Before Vajra opened this winter, my only experience with Nepali cuisine was as a menu addendum at Indian restaurants—steamed momos (dumplings) and cauliflower-potato curries scattered among pan-Indian staples like butter chicken and saag paneer. It’s not surprising when you consider that Nepal—which shares borders with India, Tibet and China—has been isolated for much of its history, only opening to tourists in the 1950s.
Named for a mythical weapon used by the Hindu God of Thunder, Vajra illuminates this diminutive yet diverse destination through adaptations of the dishes co-owner Dipesh Kakshapaty grew up eating in bustling Butwal, from tandoori-roasted game to soothing root-veg curries.
Our senses were abuzz the moment we walked through the door. Head bartender Juanjo Pulgarin presided over the narrow bar, streaming colorful house-made syrups into shakers and coaxing smoke into a wine decanter filled with whiskey and soju. The latter cocktail—dubbed the Spiny Babbler’s Nest—would be cascaded into my rocks glass minutes later, its lazily snaking smoke turning heads nearby. The drink’s campfire-sweet aroma disguised the ambling burn of szechuan-infused demerara syrup. My sister’s thirst-quenching Fields of Elysium tasted like a melted pisco-spiked lime freeze pop, mingling tropical-sweet kiwi purée and elderflower liqueur.
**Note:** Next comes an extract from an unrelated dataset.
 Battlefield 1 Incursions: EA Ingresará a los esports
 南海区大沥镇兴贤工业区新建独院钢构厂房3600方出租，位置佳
I’m already plotting return visits to eat my way through Vajra’s entire small plates menu, a parade of classic Himalayan dishes in miniature, like charred duck chhoela and steamed momos. The shiny-skinned parcels’ edges were neatly pleated into little ridges, their centers teeming with minced goat and napa cabbage flavored with ginger and szechuan peppercorns. Dabbed in creamy avocado chutney and sweet tomato sauce, each bite was a sensory symphony.
The samosa chaat arrived as a deconstruction of the savory fried appetizer—warm, fried mashed potato cones and peas wading in yogurt sauce streaked with cilantro chutney and dotted with sev, tiny fried noodles made from chickpea flour. I’d suggest eating this sweet-savory delight quickly to appreciate the textural and temperature contrasts—easy work for a foursome.
A tomato and cashew sauce enrobed a pair of paneer-stuffed capsicum peppers in luscious, tangy comfort. Preserved bamboo shoots and potato bobbed in cumin- and coriander-spiced curry in a nod to the beloved Nepali soup aloo tama bodi. Each of executive chef Min Thapa’s nuanced, beautifully spiced preparations lingered on my mind the way aromas from a long-cooked meal sometimes pervade the kitchen for an extra day or two.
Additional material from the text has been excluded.